DATASET CONTENT:
****************
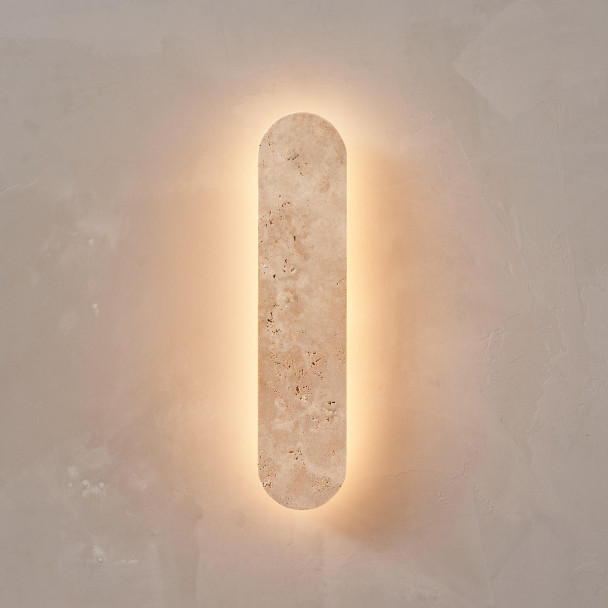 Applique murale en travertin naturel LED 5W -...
****************
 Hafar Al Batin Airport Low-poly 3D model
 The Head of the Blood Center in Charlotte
****************
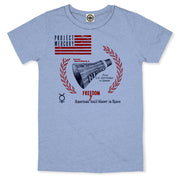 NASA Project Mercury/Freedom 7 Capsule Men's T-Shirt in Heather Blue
****************
Using the data above, transcribe the lines that run from the line with "Hafar Al Batin Airport Low-poly 3D model" to the line with "The Head of the Blood Center in Charlotte", both ends kept, and output nothing else.

PROBLEM SOLUTION:
 Hafar Al Batin Airport Low-poly 3D model
 The Head of the Blood Center in Charlotte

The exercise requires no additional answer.